BACKGROUND OF THE INVENTION

1. Field of the Invention
The present invention relates to a system and method for allocating cache memory and, more particularly, to a system and method capable of allocating cache memory to each processor element in the system adaptively according to a bank assignment table that is updated by system profiling engine.
2. Description of Related Art
With the progressing of system on chip (SoC) and multimedia technology, the amount of data and computation required for processing increases rapidly. Multi-task processing technique becomes more and more important for integrating various processor elements into a single chip. Also, multi-system integration has become an inevitable tendency. Generally speaking, most systems require memories for storage. Under multi-task environment, memory is the kernel of storage system, and it is also the most serious bottleneck due to the performance of processor elements being much faster than the memory. Accordingly, the organization of memory for a multi-task/multi-core system will affect the system performance dramatically.
The number of processor elements in SoC system increases rapidly for processing hundreds of thousand procedures in the system, therefore, the data communication and memory access traffic problem are more and more serious for constructing multi-task/multi-core systems. Additionally, in a multi-task system, different processor elements may have quite different memory behavior. For instance, large memory requirement is required for video processor element but wireless processor element may not be. Therefore, poor memory utilization occurs if traditional memory allocation is still applied in such a multi-task/multi-core platform, which implies that cache memory allocation method in single fixed type is unable to satisfy the heterogeneous memory requirement for each processor element in the platform anymore if a common multi-task/multi-core system platform is to be constructed desirably.
As for traditional memory allocation, each processor element owns constant memory resource. Such memory allocation is inflexible, that is, each processor element in multi-task/multi-core platform may have different memory requirements during the runtime, while the loading of a particular processor element increases across two adjacent time intervals, for example the procedure that assigned for the processor element in the latter time interval is greater that that in the previous time interval, the efficiency of the processor element decreases due to the lack of memory resource. Further, while the loading of processor element decreases across two adjacent time intervals, extra power consumption occurs due to the memory idle since the memory has no information to store but keeps consuming power.
Therefore, how to manage and utilize the memory is the most important issue for constructing a multi-task/multi-core platform. Accordingly, it is desired to provide a system and method for allocating cache memory capable of allocating cache memory dynamically and adaptively to each processor element for increasing the efficiency of the entire system and diminishing the power consumption.

SUMMARY OF THE INVENTION

An object of the present invention is to provide a method for allocating cache memory, which is able to allocate memory resource dynamically and adaptively to each processor element for increasing the efficiency of the system and to decrease the power consumption due to memory idle.
Another object of the present invention is to provide a system on chip capable of allocating memory resource dynamically and adaptively to each processor element in the system on chip for processing different task assigned to different processor element.
In one aspect of the invention, there is provided a method for allocating cache memory, applied in a system on chip and accompanied with a bank assignment table.
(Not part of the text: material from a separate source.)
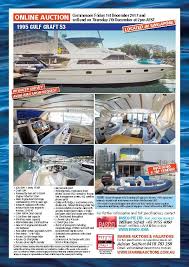 1995 Gulf Craft 53 Boatsforsale Boats For Sale Marine Online Auctions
The system on chip includes a plurality of processor elements and a cache memory element. The cache memory element has a plurality of sub-memory elements, and one of the plurality of processor elements executes the method. The method comprises the steps of reading the bank assignment table; and allocating the plurality of sub-memory elements to the plurality of processor elements, in accordance with the bank assignment table, for executing the operation processes assigned to the plurality of processor elements.
In another aspect of the invention, there is provided a system on chip for allocating cache memory, comprising: a plurality of processor elements; and a cache memory element including a plurality of sub-memory elements, and coupled with the plurality of processor elements, wherein a bank assignment table is built in one of the plurality of processor elements, and the processor element with the built-in bank assignment table allocates the plurality of sub-memory elements to the plurality of processor elements, in accordance with the bank assignment table, for executing an operation processes assigned to the plurality of processor elements.
Other objects, advantages, and novel features of the invention will become more apparent from the following detailed description when taken in conjunction with the accompanying drawings.
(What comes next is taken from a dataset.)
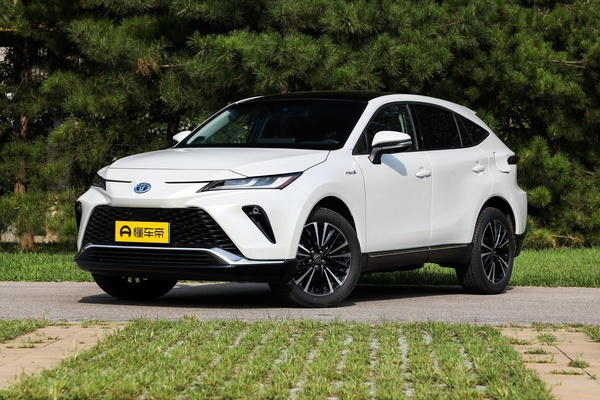 威飒 2022款 双擎 2.5L CVT四驱至尊版能源类型_基本信息图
BRIEF DESCRIPTION OF THE DRAWINGS

FIG. 1 is a schematic view illustrating the system on chip (SoC) in accordance with an embodiment of the present invention;

FIG. 2 is a schematic view illustrating the cache memory element of the present invention;

FIG. 3 is a schematic view illustrating the bank table checking method when a request is served; and

FIG. 4 is a schematic view illustrating a general memory allocation.

DETAILED DESCRIPTION OF THE PREFERRED EMBODIMENT

The present invention has been described in an illustrative manner, and it is to be understood that the terminology used is intended to be in the nature of description rather than of limitation. Many modifications and variations of the present invention are possible in light of the above teachings. Therefore, it is to be understood that within the scope of the appended claims, the invention may be practiced otherwise than as specifically described.
FIG. 1 is a schematic view illustrating the system on chip (SoC) for allocating cache memory in accordance with an embodiment of the present invention. As shown in FIG. 1, the system on chip 1 includes: a plurality of processor elements 11, and a cache memory element 12. Each processor element 11 further includes an L1 cache memory 13, and the L1 cache memory 13 is built in each processor element 11, wherein the L1 cache memory is the well-known technology for those skilled in the art and thus a detailed description is deemed unnecessary.
The cache memory element 12 includes a plurality of sub-memory elements 121; to be more specifically, the cache memory element 12 is divided into a plurality of sub-memory elements 121, each having a bank table. Further, the cache memory element 12 of the present invention is regarded as the well-known L2 cache. Moreover, a bank assignment table (not shown in this figure) is built in one of the plurality of processor elements 11, and the processor element 11 with the built-in bank assignment table is in charge of allocating the plurality of sub-memory elements 121 to the plurality of processor elements 11, in accordance with the bank assignment table, for executing the operation processes assigned to the plurality of processor elements 11. The processor element 11 with the built-in bank assignment table is also able to profile the memory requirements of the entire system.
In this embodiment, four processor elements 11 are utilized and the cache memory element 12 is divided into eight sub-memory elements 121 in the system on chip 1, wherein the sub-memory elements 121 are static random access memory elements. Moreover, as shown in FIG. 1, the eight sub-memory elements 121 are labeled as SRAM₀to SRAM₇and the four processor elements 11 are labeled as PE₀to PE₃. Each processor element 11 includes an L1 cache memory 13, and the L1 cache memory 13 is built in each processor element 12. Further, in this embodiment, each processor element 11 has different memory requirements and hence unequal memory resources are allocated. As shown in FIG. 1, two sub-memory elements are allocated to PE₀, one sub-memory element is allocated to PE₁, four sub-memory elements are allocated to PE₃, and PE₂is not allocated for any memory resource. Further, the power supplied to SRAM₇is turned off since SRAM₇is not allocated to any of the processor elements 11 for any data reading and writing and thus the electric power consumption is saved.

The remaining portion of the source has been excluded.